◆ Exercise brief: Word for word, output the data that follows.

****

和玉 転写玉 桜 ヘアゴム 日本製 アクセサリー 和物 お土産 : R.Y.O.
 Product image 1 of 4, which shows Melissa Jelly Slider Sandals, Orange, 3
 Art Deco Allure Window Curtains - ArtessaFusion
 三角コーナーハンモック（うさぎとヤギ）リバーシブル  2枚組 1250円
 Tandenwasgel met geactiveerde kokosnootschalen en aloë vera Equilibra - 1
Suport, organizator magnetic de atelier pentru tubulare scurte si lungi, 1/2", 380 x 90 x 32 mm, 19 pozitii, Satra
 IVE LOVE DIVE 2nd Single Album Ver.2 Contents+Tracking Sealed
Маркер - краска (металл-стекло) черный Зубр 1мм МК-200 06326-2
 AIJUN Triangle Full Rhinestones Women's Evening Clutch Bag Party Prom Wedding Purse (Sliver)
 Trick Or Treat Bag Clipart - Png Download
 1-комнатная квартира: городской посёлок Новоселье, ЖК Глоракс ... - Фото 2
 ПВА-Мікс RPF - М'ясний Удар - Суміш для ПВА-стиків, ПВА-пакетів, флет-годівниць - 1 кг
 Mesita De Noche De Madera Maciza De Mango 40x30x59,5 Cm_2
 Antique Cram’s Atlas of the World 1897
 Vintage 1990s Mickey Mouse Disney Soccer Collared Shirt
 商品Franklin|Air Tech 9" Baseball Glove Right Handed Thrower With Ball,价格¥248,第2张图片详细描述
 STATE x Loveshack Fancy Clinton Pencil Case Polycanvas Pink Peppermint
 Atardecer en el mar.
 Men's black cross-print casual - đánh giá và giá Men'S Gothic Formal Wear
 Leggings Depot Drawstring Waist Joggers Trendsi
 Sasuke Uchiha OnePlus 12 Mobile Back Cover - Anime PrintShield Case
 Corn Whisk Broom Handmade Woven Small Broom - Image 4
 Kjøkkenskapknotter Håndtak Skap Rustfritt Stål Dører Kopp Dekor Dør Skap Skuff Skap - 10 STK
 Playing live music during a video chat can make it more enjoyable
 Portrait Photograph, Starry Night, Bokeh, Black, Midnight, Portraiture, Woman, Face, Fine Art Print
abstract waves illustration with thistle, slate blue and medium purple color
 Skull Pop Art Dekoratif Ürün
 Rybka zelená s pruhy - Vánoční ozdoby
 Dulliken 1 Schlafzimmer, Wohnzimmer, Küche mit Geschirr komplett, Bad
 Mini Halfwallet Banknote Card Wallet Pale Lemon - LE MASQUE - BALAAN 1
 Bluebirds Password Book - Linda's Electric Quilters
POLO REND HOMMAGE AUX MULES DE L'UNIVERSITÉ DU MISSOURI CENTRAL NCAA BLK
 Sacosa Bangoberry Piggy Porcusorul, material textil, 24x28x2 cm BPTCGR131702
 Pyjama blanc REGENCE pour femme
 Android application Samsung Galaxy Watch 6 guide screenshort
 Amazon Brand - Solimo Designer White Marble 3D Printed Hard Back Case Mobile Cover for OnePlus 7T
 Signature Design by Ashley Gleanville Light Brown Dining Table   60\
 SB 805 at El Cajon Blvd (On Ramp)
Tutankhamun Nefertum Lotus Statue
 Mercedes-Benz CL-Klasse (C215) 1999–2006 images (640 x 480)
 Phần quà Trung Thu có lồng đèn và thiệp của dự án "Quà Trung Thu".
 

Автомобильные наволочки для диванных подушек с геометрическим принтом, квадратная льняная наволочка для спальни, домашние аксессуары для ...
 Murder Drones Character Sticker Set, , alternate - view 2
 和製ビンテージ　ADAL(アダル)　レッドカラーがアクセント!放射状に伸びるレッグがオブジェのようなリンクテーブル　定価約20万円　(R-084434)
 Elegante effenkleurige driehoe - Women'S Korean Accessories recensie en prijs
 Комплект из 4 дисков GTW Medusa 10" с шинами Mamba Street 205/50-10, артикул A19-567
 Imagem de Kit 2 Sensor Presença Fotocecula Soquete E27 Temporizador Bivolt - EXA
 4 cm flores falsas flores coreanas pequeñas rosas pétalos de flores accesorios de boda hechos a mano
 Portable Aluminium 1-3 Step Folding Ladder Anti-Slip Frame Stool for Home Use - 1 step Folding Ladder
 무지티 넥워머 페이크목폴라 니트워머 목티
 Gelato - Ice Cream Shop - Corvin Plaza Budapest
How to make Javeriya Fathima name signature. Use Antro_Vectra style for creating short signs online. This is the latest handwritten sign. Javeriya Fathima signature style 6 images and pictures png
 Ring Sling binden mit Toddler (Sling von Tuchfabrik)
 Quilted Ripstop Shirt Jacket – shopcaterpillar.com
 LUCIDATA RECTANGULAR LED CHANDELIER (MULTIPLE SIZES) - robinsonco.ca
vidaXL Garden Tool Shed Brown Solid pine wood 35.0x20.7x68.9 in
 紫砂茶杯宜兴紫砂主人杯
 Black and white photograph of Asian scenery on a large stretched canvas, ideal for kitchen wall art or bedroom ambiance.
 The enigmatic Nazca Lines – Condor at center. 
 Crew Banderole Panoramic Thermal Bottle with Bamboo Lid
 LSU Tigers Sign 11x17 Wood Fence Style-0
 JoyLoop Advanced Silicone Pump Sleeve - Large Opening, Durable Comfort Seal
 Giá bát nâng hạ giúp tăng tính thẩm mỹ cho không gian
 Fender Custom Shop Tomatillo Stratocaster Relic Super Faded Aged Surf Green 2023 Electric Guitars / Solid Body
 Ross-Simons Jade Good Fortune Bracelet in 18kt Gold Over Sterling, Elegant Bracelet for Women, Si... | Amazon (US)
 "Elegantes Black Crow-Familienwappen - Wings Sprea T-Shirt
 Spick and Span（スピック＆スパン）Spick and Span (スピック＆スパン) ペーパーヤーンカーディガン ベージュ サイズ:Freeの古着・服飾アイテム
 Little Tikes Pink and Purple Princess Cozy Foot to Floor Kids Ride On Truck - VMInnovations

****

◆ Answer below:
和玉 転写玉 桜 ヘアゴム 日本製 アクセサリー 和物 お土産 : R.Y.O.
 Product image 1 of 4, which shows Melissa Jelly Slider Sandals, Orange, 3
 Art Deco Allure Window Curtains - ArtessaFusion
 三角コーナーハンモック（うさぎとヤギ）リバーシブル  2枚組 1250円
 Tandenwasgel met geactiveerde kokosnootschalen en aloë vera Equilibra - 1
Suport, organizator magnetic de atelier pentru tubulare scurte si lungi, 1/2", 380 x 90 x 32 mm, 19 pozitii, Satra
 IVE LOVE DIVE 2nd Single Album Ver.2 Contents+Tracking Sealed
Маркер - краска (металл-стекло) черный Зубр 1мм МК-200 06326-2
 AIJUN Triangle Full Rhinestones Women's Evening Clutch Bag Party Prom Wedding Purse (Sliver)
 Trick Or Treat Bag Clipart - Png Download
 1-комнатная квартира: городской посёлок Новоселье, ЖК Глоракс ... - Фото 2
 ПВА-Мікс RPF - М'ясний Удар - Суміш для ПВА-стиків, ПВА-пакетів, флет-годівниць - 1 кг
 Mesita De Noche De Madera Maciza De Mango 40x30x59,5 Cm_2
 Antique Cram’s Atlas of the World 1897
 Vintage 1990s Mickey Mouse Disney Soccer Collared Shirt
 商品Franklin|Air Tech 9" Baseball Glove Right Handed Thrower With Ball,价格¥248,第2张图片详细描述
 STATE x Loveshack Fancy Clinton Pencil Case Polycanvas Pink Peppermint
 Atardecer en el mar.
 Men's black cross-print casual - đánh giá và giá Men'S Gothic Formal Wear
 Leggings Depot Drawstring Waist Joggers Trendsi
 Sasuke Uchiha OnePlus 12 Mobile Back Cover - Anime PrintShield Case
 Corn Whisk Broom Handmade Woven Small Broom - Image 4
 Kjøkkenskapknotter Håndtak Skap Rustfritt Stål Dører Kopp Dekor Dør Skap Skuff Skap - 10 STK
 Playing live music during a video chat can make it more enjoyable
 Portrait Photograph, Starry Night, Bokeh, Black, Midnight, Portraiture, Woman, Face, Fine Art Print
abstract waves illustration with thistle, slate blue and medium purple color
 Skull Pop Art Dekoratif Ürün
 Rybka zelená s pruhy - Vánoční ozdoby
 Dulliken 1 Schlafzimmer, Wohnzimmer, Küche mit Geschirr komplett, Bad
 Mini Halfwallet Banknote Card Wallet Pale Lemon - LE MASQUE - BALAAN 1
 Bluebirds Password Book - Linda's Electric Quilters
POLO REND HOMMAGE AUX MULES DE L'UNIVERSITÉ DU MISSOURI CENTRAL NCAA BLK
 Sacosa Bangoberry Piggy Porcusorul, material textil, 24x28x2 cm BPTCGR131702
 Pyjama blanc REGENCE pour femme
 Android application Samsung Galaxy Watch 6 guide screenshort
 Amazon Brand - Solimo Designer White Marble 3D Printed Hard Back Case Mobile Cover for OnePlus 7T
 Signature Design by Ashley Gleanville Light Brown Dining Table   60\
 SB 805 at El Cajon Blvd (On Ramp)
Tutankhamun Nefertum Lotus Statue
 Mercedes-Benz CL-Klasse (C215) 1999–2006 images (640 x 480)
 Phần quà Trung Thu có lồng đèn và thiệp của dự án "Quà Trung Thu".
 

Автомобильные наволочки для диванных подушек с геометрическим принтом, квадратная льняная наволочка для спальни, домашние аксессуары для ...
 Murder Drones Character Sticker Set, , alternate - view 2
 和製ビンテージ　ADAL(アダル)　レッドカラーがアクセント!放射状に伸びるレッグがオブジェのようなリンクテーブル　定価約20万円　(R-084434)
 Elegante effenkleurige driehoe - Women'S Korean Accessories recensie en prijs
 Комплект из 4 дисков GTW Medusa 10" с шинами Mamba Street 205/50-10, артикул A19-567
 Imagem de Kit 2 Sensor Presença Fotocecula Soquete E27 Temporizador Bivolt - EXA
 4 cm flores falsas flores coreanas pequeñas rosas pétalos de flores accesorios de boda hechos a mano
 Portable Aluminium 1-3 Step Folding Ladder Anti-Slip Frame Stool for Home Use - 1 step Folding Ladder
 무지티 넥워머 페이크목폴라 니트워머 목티
 Gelato - Ice Cream Shop - Corvin Plaza Budapest
How to make Javeriya Fathima name signature. Use Antro_Vectra style for creating short signs online. This is the latest handwritten sign. Javeriya Fathima signature style 6 images and pictures png
 Ring Sling binden mit Toddler (Sling von Tuchfabrik)
 Quilted Ripstop Shirt Jacket – shopcaterpillar.com
 LUCIDATA RECTANGULAR LED CHANDELIER (MULTIPLE SIZES) - robinsonco.ca
vidaXL Garden Tool Shed Brown Solid pine wood 35.0x20.7x68.9 in
 紫砂茶杯宜兴紫砂主人杯
 Black and white photograph of Asian scenery on a large stretched canvas, ideal for kitchen wall art or bedroom ambiance.
 The enigmatic Nazca Lines – Condor at center. 
 Crew Banderole Panoramic Thermal Bottle with Bamboo Lid
 LSU Tigers Sign 11x17 Wood Fence Style-0
 JoyLoop Advanced Silicone Pump Sleeve - Large Opening, Durable Comfort Seal
 Giá bát nâng hạ giúp tăng tính thẩm mỹ cho không gian
 Fender Custom Shop Tomatillo Stratocaster Relic Super Faded Aged Surf Green 2023 Electric Guitars / Solid Body
 Ross-Simons Jade Good Fortune Bracelet in 18kt Gold Over Sterling, Elegant Bracelet for Women, Si... | Amazon (US)
 "Elegantes Black Crow-Familienwappen - Wings Sprea T-Shirt
 Spick and Span（スピック＆スパン）Spick and Span (スピック＆スパン) ペーパーヤーンカーディガン ベージュ サイズ:Freeの古着・服飾アイテム
 Little Tikes Pink and Purple Princess Cozy Foot to Floor Kids Ride On Truck - VMInnovations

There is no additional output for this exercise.